### WHAT IS EXPECTED
Although the entries contain pictures, your copy should hold only their exact text.

***** SUPPLIED MATERIAL

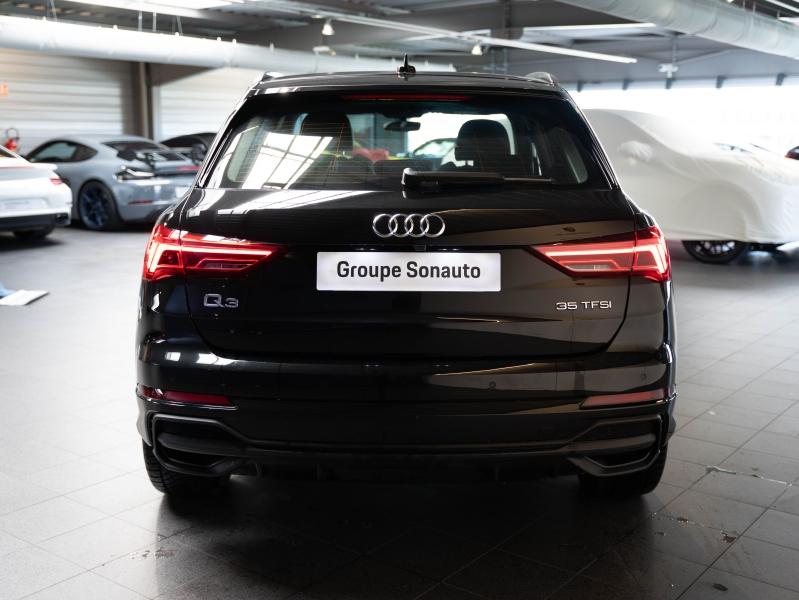 Voitures occasions Audi Q3 S line Champagne-au-Mont-d'Or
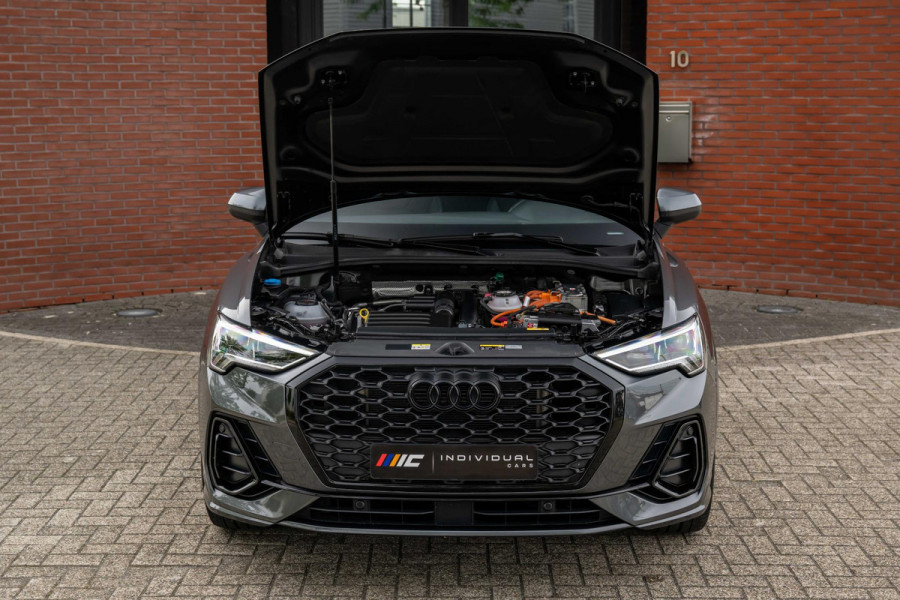 Audi Q3 Sportback 45 TFSI e S Edition ACC Trekhaak Matrix Pano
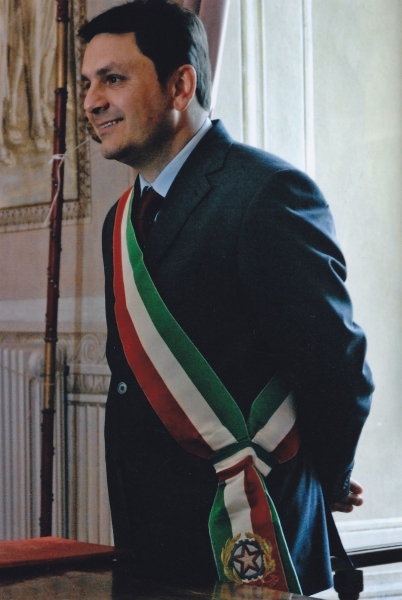 sindaco-seri-verticale.jpg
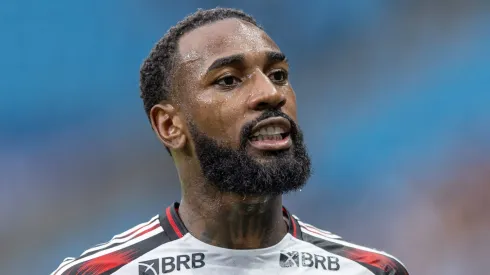 Gerson jogador do Flamengo durante partida contra o Gremio no estadio Arena do Gremio pelo campeonato Brasileiro A 2025. Foto: Liamara Polli/AGIF
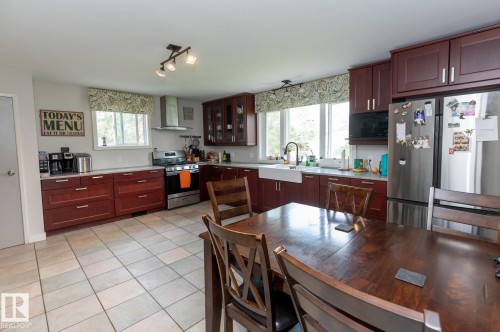 57514 Rge Rd  223, Rural Sturgeon County, AB 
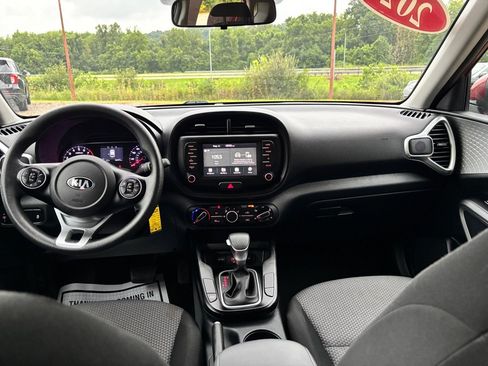 Used 2021 Kia Soul LX FWD image 13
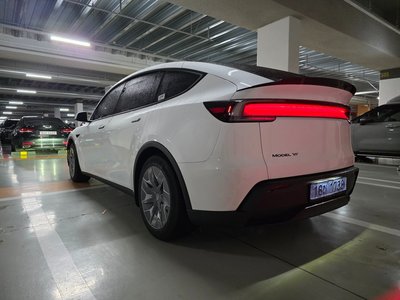 صورة 7 لـ 2026 Tesla MODEL Y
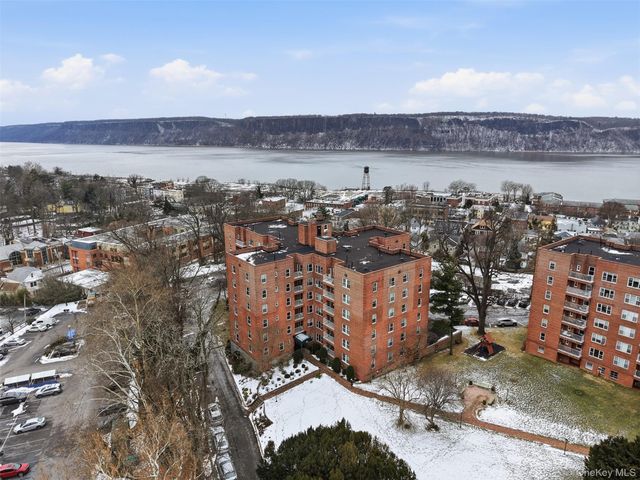 555 Broadway 4F, Hastings-on-hudson, NY 10706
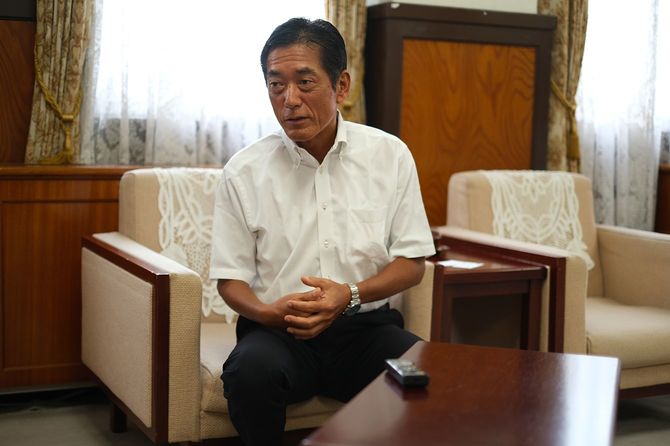 中村時広（なかむら・ときひろ）氏。1960年生まれ。慶応大学法学部を卒業後、1982年に三菱商事に入社。愛媛県議、衆議院議員、松山市長を経て2010年から現職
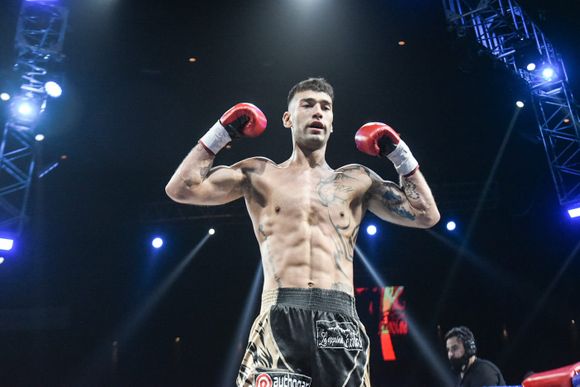 Luna Park: KO de Acosta y López aguantó hasta el final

**********

### ANSWER AREA
 Voitures occasions Audi Q3 S line Champagne-au-Mont-d'Or
 Audi Q3 Sportback 45 TFSI e S Edition ACC Trekhaak Matrix Pano
 sindaco-seri-verticale.jpg
 Gerson jogador do Flamengo durante partida contra o Gremio no estadio Arena do Gremio pelo campeonato Brasileiro A 2025. Foto: Liamara Polli/AGIF
 57514 Rge Rd  223, Rural Sturgeon County, AB 
 Used 2021 Kia Soul LX FWD image 13
 صورة 7 لـ 2026 Tesla MODEL Y
 555 Broadway 4F, Hastings-on-hudson, NY 10706
 中村時広（なかむら・ときひろ）氏。1960年生まれ。慶応大学法学部を卒業後、1982年に三菱商事に入社。愛媛県議、衆議院議員、松山市長を経て2010年から現職
 Luna Park: KO de Acosta y López aguantó hasta el final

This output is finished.